Iran Updates on Prisoners of Conscience: Fatemeh Bakhteri and Mary Mohammadi

Background: Iran remains one of USCIRF’s recommendations for the designation as a Country of Particular Concern in regards to international religious freedom. As an Islamic nation, religious minorities such as Baha’is and Christians are routinely detained for apostasy, blasphemy, and evangelism. According to USCIRF, “Iran harasses, fines, and arrests those who dissent from its interpretation of Ja’afri Shi’a Islam. The government uses its official religious interpretation as an ongoing basis for denying freedom of religion and belief to citizens who express dissent through peaceful protest.”

Fatemeh Bakhteri is an Iranian Christian convert who was arrested in 2017 during a house worship she was conducting at her home. In August 2019, Fatemeh was formally convicted of “spreading propaganda against the regime” and sentenced to one year at the notorious Evin Prison, along with restrictions on her social activity following her release. According to Church in Chains, “the verdict stated that believing in the Bible’s authority and Jesus as Lord are attacks against Islam…”

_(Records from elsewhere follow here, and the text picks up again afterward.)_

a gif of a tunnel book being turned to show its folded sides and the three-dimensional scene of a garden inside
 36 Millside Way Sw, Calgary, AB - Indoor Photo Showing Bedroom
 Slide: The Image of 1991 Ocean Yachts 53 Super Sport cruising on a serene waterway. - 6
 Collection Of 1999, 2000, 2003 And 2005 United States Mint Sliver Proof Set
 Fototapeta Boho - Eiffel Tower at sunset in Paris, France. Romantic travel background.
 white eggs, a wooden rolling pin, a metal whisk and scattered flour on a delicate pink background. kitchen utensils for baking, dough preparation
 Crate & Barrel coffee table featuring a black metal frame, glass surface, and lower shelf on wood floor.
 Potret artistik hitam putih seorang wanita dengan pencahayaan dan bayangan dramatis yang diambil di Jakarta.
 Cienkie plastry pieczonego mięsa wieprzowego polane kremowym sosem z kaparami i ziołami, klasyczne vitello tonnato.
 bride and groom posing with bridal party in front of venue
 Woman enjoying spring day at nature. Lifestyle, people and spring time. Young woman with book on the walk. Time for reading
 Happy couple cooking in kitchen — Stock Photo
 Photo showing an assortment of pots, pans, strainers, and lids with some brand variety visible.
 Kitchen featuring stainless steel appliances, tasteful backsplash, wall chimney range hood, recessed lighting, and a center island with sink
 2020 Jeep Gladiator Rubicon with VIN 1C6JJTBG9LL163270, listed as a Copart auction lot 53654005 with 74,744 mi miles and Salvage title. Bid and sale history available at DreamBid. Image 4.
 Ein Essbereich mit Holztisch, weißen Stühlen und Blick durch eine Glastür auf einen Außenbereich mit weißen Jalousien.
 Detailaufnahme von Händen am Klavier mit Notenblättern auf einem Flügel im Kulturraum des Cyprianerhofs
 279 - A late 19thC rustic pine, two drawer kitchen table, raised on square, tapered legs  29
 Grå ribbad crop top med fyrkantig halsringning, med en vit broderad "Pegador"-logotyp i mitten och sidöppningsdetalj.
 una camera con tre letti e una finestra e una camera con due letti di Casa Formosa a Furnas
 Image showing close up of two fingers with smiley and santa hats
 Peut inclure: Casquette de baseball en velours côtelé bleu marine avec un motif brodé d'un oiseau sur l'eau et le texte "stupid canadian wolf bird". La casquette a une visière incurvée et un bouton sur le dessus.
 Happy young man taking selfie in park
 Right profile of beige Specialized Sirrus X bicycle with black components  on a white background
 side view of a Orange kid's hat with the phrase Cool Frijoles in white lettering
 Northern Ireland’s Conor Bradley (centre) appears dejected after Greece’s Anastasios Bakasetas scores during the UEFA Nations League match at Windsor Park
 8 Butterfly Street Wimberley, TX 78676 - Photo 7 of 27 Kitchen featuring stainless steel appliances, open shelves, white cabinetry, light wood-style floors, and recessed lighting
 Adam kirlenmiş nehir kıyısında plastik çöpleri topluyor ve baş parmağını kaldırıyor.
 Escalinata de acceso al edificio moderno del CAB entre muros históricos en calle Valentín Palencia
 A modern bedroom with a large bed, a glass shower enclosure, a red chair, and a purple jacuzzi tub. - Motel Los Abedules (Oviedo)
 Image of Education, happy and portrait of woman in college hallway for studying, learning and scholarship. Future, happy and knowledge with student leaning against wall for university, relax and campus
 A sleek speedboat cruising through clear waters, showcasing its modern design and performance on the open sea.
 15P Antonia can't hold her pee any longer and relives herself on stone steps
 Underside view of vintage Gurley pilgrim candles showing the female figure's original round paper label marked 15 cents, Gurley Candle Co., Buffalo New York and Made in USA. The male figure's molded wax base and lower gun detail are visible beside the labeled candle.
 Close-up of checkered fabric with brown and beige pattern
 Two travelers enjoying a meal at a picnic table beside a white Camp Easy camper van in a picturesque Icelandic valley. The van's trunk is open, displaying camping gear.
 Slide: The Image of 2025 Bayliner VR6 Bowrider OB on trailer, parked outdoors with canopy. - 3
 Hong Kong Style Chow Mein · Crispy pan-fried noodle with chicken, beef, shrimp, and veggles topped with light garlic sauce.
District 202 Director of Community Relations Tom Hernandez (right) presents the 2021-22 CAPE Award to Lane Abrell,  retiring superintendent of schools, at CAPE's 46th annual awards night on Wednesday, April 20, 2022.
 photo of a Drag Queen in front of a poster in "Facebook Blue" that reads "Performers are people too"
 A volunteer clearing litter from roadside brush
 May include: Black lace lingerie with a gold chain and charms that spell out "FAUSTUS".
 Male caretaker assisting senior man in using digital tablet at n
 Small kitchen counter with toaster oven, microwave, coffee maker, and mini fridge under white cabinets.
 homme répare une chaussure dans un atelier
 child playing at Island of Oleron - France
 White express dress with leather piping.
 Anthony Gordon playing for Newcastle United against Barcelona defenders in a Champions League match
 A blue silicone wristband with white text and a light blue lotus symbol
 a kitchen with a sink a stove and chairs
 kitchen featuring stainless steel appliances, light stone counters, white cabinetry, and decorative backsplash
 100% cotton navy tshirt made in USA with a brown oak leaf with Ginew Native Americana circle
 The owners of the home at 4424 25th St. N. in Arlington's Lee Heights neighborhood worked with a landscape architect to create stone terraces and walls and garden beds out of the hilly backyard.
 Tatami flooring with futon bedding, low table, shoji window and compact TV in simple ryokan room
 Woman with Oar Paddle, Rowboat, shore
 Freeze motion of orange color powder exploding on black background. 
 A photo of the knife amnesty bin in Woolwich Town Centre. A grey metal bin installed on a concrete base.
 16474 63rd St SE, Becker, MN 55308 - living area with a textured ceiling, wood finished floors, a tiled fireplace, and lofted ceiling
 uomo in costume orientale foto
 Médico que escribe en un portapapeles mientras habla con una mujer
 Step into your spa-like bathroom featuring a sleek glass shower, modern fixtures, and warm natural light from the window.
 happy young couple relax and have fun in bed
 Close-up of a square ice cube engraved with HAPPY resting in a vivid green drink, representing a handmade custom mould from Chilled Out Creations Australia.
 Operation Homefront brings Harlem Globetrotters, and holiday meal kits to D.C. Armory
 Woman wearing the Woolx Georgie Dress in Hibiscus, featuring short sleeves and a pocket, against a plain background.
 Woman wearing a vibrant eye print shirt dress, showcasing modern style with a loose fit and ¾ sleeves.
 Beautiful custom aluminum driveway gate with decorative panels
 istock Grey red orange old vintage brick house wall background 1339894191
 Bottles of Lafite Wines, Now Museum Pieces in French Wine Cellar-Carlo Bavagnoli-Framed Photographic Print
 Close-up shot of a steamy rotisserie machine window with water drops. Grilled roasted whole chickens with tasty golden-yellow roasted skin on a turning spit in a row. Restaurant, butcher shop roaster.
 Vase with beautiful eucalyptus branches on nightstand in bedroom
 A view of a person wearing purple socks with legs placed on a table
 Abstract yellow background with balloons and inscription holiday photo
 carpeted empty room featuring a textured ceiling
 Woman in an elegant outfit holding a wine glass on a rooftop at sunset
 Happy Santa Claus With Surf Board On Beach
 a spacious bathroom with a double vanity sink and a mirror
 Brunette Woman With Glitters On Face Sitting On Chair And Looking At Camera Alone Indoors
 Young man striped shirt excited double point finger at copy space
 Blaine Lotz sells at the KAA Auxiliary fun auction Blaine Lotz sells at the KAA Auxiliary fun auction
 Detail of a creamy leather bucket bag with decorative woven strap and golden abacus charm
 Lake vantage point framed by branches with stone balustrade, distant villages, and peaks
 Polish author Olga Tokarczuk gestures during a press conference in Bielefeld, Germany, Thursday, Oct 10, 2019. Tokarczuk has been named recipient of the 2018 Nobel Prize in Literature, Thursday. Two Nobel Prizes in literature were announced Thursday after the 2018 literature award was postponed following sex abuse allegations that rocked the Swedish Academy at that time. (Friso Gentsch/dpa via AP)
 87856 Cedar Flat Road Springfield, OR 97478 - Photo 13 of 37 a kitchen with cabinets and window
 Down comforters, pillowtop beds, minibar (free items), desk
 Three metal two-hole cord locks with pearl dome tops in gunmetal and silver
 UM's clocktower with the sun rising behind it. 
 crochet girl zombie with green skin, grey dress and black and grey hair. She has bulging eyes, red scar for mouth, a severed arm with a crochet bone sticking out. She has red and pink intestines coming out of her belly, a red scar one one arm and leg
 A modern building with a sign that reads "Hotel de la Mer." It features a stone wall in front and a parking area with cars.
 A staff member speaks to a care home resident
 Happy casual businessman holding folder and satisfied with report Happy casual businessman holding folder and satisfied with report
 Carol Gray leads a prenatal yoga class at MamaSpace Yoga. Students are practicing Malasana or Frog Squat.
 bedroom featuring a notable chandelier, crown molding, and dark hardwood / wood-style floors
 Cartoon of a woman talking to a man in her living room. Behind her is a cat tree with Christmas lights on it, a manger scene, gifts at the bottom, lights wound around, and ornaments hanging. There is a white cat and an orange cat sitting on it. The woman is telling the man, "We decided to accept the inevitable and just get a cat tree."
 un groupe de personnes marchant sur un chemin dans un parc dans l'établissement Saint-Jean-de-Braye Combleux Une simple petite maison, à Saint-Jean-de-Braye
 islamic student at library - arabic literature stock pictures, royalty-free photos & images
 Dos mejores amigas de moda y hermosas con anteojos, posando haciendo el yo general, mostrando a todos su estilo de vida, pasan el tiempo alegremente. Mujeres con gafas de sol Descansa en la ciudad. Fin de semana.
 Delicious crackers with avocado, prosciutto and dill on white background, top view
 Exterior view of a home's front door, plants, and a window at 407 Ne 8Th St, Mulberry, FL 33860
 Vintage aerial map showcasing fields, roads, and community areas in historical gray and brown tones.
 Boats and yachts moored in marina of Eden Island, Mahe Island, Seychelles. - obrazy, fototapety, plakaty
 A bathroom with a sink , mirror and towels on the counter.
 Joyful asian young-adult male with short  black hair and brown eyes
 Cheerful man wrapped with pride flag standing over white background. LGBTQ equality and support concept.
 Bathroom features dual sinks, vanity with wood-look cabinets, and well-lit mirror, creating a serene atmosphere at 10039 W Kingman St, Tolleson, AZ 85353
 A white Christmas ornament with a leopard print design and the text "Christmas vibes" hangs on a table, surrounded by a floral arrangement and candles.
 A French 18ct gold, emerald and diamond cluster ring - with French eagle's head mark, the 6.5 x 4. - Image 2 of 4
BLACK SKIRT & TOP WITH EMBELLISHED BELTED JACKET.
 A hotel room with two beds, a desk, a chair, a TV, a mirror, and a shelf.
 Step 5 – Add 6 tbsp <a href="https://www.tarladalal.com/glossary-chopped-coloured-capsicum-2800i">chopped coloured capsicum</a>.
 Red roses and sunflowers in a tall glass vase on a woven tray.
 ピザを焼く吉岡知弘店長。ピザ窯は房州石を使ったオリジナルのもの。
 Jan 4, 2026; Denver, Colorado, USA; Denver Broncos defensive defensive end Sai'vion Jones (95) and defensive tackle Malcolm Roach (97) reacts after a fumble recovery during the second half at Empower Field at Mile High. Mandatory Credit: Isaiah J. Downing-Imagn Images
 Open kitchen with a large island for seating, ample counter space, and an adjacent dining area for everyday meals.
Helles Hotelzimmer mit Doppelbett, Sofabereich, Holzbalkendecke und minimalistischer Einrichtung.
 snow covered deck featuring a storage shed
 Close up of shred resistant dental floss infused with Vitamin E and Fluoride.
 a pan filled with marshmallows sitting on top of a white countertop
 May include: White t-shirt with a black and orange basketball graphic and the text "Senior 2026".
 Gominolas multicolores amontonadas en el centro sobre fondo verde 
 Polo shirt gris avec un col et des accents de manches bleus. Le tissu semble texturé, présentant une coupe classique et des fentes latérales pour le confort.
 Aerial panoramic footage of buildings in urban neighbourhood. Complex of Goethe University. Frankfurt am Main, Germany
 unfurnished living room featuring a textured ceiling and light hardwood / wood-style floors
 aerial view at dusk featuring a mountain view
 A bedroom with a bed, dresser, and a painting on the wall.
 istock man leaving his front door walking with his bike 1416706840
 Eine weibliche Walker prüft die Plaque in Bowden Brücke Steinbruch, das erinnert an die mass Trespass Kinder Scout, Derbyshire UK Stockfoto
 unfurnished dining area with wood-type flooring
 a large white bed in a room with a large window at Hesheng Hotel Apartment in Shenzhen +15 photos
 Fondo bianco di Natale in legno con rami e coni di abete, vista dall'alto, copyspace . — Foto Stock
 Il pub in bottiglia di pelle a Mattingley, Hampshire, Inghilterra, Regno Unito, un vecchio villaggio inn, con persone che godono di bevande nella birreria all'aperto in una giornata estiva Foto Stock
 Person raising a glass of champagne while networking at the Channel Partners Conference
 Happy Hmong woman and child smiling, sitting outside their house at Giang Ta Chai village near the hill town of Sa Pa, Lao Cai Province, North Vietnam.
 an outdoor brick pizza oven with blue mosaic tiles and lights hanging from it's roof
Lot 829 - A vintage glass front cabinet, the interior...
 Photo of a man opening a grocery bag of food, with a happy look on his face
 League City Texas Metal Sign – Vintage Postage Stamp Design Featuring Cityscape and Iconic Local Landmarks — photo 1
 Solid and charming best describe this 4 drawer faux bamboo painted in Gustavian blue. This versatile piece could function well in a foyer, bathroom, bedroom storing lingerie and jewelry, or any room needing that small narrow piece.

Amidst the outbreak of covid-19, Iran has released some 85,000 prisoners in order to mitigate the spread of the extremely contagious disease within these often overcrowded detention centers, including some Christian prisoners of conscience. In mid-March, Iran released Fatemeh from prison temporarily, with no promise that she would be formally released before her sentence was up. However, on April 12, Fatemeh was informed that she had been “pardoned for Persian New Year (Nowruz)” and that she no longer needed to return to Evin Prison for the remaining few months of her sentence.

Unfortunately, such lenience has not been the case of other religious and political prisoners. Christian convert Mary Mohammadi was arrested in January 2020 for her participation in Tehran protests against the Islamic Revolutionary Guard Corps of Iran’s attack on a Ukrainian passenger flight, leading to the untimely deaths of approximately 175 individuals. Upon her arrest, Mary was transported through a few different detention facilities during which she was subjected to physical abuse, starvation, and humiliation, before she was ultimately transferred to Qarchak Prison.

Mary’s formal charges were “disrupting public order by participating in an illegal gathering,” however she was released on a US$ 2,000 bail and was scheduled to have a court hearing in early March. On April 14, Mary’s court hearing was finally held after being postponed for just over a month amidst the spread of the novel coronavirus. Despite the high hopes for Mary’s acquittal, Middle East Concern reports that Mary was sentenced to three months in prison as well as flogging by 10 lashes. Mary stated that the judge presiding over her case had repeatedly interrogated her regarding her religious conversion, which had no relationship to her arrest this year or subsequent charges. This begs the question of whether the depth of Mary’s sentencing and punishment has anything to do with the scrutiny over her faith.

Middle East Concern reported that Mary took to her personal Instagram account on April 21, stating that she was unjustly convicted “because of showing sympathy for the families of those who perished on the Ukraine airline crash…there was no evidence against me, so I ought to have been acquitted, but instead I was sentenced not only to imprisonment, but also flogging…”

Please pray that Mary will miraculously be released. Iran does carry out flogging penalties. Please pray that Mary will be delivered from such a draconian and brutal punishment. The world needs to rise up and oppose that brutal, uncivilized punishment.